Über Nacht hat es geschneit. Nicht viel, aber so hatte ich mir das gedacht: Winterstimmung. Der erster Stop heute ist die Burg von Kanazawa. Die Anlage ist noch nicht komplett, soweit ich gelesen habe, wird zur Zeit rekonstruiert. Das was fertig ist, kann sich sehen lassen. Man schreitet durch das Tor und steht auf dem Innenplatz und hat den Blick auf eine Burgmauer mit Wachtürmen. Die Wände sind weiß, die Dachziegel und Holzbalken schwarz. Maximaler Kontrat. Gerade jetzt mit dem Schnee überall.

Kanazawa Castle

Gleich hinter der Burg ist der Kenrokuen, einer der drei schönsten Gärten Japans. Im Sommer muß der ein Kracher sein. Jetzt im Winter ist er schon die Wucht. Es gibt Rasenflächen, einen zentralen Garten. Wie immer sind mehrere Landschaften dargestellt. Auch eine Bergregion mit Bergwald und Flußlauf. Witzig: Die Äste der Bäume sind mit Seilen hochgebunden und sehen von weitem wie große Kegel aus. Warum sie machen weiß ich nicht. Wegen dem richtigen Wachstum oder wegen der drohenden Schneelast?

Ein Stop im Teehaus muß sein. Von der Terasse aus hat man Blick auf einen eingezäunten Teil des Gartens. Dann gibt es traditionell grünen Tee und Reiskuchen. Hier könnte ich stundenlang sitzen. Jede Position bietet eine neue Perspektive; wenn es nicht so kalt wäre. Es schneit wieder. So sollte Urlaub sein. Entspannend.

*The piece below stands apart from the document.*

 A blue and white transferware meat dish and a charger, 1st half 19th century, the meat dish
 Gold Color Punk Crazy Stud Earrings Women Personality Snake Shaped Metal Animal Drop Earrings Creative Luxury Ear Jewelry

Auf dem Weg nach Nishi-Chaya mache ich einen Stop im Noh-Theater-Museum. Hier sind Masken und Kimono ausgestellt. Man darf sogar anprobieren. Das finde ich so schön in Japan. Museen haben oft etwas zum Mitmachen. Ich habe die Kleidung anprobiert. Mein Kendo und Iaido ist jetzt hilfreich. Hakama und Kimono sind keine Unbekannten. Ich weiß nicht, wie die ein ganzes Theaterstück mit diesen Masken durchziehen. Das ist wie unter PA. Mein Respekt vor den Schauspielern wächst.

Garten

Nishi-Chaya ist nur eine kurze Straße. Die alten Häuser sehen nicht schlecht aus, ich hatte aber mehr erwartet, zumal es keine Resto oder Geschäfte gibt. Die Suche nach dem Ninjadera ist schon kniffeliger. Hier stehen so viele Tempel. Welcher ist es denn jetzt? Ich mache mal auf Verdacht Fotos, bevor ich zum nächsten Ziel, Nagamachi, gehe. Hier stehen ein paar alte Häser und die Straße strahlt Gemütlichkeit aus. Die hohen Mauern um die Grundstücke sind mit Bambusmatten verkleidet. Man fühlt sich wie im alten Japan.

Den Oyama-Schrein hatte ich total vergessen. Jetzt stehe ich durch Zufall davor. Das Tor sieht komisch aus. Es wurde 1599 von einem niederländisches Architekten entworfen; eine Mischung aus japanischen, chinesischen und europäischen Elementen. OK, muß man mögen. Zumindest einzigartig.

Es folgt ein kurzer Abstecher über den Fischmarkt. Krabben für 120€, 1m lange Oktopus-Tentakel in knallrot und so vieles „meer“. Erstaunlich, was die Japaner alles essen (und wie lecker das teilweise ist). Der Geruch auf dem Fischmarkt ist fast neutral; So muß Fisch riechen. Ich bin da der gleichen Meinung wie Automatix. Trotz aller Angebote entscheide ich mich für Karree in einem kleinem Resto nebenan. Und weiter …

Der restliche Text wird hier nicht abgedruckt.